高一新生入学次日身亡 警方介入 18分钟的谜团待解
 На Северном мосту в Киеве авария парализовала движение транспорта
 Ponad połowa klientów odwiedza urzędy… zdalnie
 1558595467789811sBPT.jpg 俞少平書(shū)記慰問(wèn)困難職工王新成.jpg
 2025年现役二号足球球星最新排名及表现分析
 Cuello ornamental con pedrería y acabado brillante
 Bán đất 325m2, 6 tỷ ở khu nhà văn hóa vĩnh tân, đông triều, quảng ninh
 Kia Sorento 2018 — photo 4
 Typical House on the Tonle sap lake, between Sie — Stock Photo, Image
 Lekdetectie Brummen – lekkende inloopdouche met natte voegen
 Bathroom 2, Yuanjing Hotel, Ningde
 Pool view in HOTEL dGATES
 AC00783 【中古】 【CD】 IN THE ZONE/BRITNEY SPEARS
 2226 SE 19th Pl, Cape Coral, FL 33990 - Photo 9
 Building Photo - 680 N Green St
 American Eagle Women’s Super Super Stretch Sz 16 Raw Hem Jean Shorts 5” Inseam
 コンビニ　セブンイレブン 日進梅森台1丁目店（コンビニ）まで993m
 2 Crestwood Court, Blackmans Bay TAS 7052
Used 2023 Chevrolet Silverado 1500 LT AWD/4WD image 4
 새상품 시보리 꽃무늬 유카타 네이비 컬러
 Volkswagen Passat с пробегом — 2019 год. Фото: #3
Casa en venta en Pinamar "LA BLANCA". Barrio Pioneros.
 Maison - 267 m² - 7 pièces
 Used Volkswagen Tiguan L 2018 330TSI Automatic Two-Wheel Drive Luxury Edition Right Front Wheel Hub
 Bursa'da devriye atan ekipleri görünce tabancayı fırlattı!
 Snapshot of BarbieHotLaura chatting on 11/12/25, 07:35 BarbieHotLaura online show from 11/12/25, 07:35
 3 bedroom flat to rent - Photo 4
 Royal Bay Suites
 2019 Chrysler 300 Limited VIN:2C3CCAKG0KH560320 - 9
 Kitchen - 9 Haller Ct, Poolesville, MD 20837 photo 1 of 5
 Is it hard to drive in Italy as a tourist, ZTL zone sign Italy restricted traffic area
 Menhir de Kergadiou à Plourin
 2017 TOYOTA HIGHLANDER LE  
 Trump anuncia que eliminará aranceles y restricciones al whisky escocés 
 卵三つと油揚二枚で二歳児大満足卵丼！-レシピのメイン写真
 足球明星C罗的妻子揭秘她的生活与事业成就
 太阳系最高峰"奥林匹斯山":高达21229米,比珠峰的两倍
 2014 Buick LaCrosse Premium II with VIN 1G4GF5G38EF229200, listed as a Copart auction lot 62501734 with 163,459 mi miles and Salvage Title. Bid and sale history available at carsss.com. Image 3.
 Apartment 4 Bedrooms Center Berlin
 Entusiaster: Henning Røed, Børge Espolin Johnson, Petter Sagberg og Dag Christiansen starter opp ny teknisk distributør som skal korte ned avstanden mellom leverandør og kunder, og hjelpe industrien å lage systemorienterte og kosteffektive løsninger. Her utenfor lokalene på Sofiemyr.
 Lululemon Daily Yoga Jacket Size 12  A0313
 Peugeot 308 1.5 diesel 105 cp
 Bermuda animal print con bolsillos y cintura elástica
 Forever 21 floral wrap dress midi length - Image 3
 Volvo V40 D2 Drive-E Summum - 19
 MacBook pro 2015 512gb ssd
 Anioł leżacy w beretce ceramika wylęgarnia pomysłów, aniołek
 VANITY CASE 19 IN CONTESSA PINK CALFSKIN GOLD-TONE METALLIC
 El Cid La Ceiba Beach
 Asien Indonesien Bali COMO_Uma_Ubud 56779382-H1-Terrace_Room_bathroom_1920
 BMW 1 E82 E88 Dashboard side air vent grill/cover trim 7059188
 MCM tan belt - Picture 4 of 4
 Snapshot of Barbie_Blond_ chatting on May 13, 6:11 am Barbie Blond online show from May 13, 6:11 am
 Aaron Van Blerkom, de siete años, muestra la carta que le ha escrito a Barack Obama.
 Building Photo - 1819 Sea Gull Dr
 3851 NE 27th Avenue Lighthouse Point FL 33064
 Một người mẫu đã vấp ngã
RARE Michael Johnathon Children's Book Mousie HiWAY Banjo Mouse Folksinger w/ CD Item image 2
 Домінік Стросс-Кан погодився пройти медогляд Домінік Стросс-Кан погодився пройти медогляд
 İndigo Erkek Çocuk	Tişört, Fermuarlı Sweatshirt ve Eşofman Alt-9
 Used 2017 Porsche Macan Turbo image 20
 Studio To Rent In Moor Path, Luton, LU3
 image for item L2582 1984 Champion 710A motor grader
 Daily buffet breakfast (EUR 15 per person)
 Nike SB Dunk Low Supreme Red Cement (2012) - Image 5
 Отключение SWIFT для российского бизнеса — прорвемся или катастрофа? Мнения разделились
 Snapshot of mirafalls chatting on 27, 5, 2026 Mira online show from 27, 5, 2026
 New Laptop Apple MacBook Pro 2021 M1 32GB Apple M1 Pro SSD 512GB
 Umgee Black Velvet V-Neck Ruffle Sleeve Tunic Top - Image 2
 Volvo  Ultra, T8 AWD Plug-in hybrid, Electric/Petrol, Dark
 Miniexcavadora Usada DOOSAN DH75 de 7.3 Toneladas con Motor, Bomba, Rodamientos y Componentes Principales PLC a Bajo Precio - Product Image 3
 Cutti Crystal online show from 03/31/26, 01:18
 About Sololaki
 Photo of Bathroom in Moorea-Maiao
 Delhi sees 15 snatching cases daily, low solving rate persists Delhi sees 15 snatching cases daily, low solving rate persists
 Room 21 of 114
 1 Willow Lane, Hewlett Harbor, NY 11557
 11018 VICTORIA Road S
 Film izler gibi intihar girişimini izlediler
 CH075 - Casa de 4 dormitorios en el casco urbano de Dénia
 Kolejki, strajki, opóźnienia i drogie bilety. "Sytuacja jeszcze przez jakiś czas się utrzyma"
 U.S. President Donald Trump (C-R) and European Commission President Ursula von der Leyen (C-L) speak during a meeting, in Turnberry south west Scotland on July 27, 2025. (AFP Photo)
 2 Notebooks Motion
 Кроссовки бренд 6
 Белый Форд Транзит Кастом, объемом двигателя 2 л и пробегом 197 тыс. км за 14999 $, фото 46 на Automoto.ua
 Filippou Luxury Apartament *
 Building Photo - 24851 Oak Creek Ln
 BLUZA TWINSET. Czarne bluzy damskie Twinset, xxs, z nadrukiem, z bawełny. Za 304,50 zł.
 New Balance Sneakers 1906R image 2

▶ _What the exercise asks_: Lines in the records above that carry the word "Trump" are to be located and copied.

▶ _Result_:
 Trump anuncia que eliminará aranceles y restricciones al whisky escocés 
 U.S. President Donald Trump (C-R) and European Commission President Ursula von der Leyen (C-L) speak during a meeting, in Turnberry south west Scotland on July 27, 2025. (AFP Photo)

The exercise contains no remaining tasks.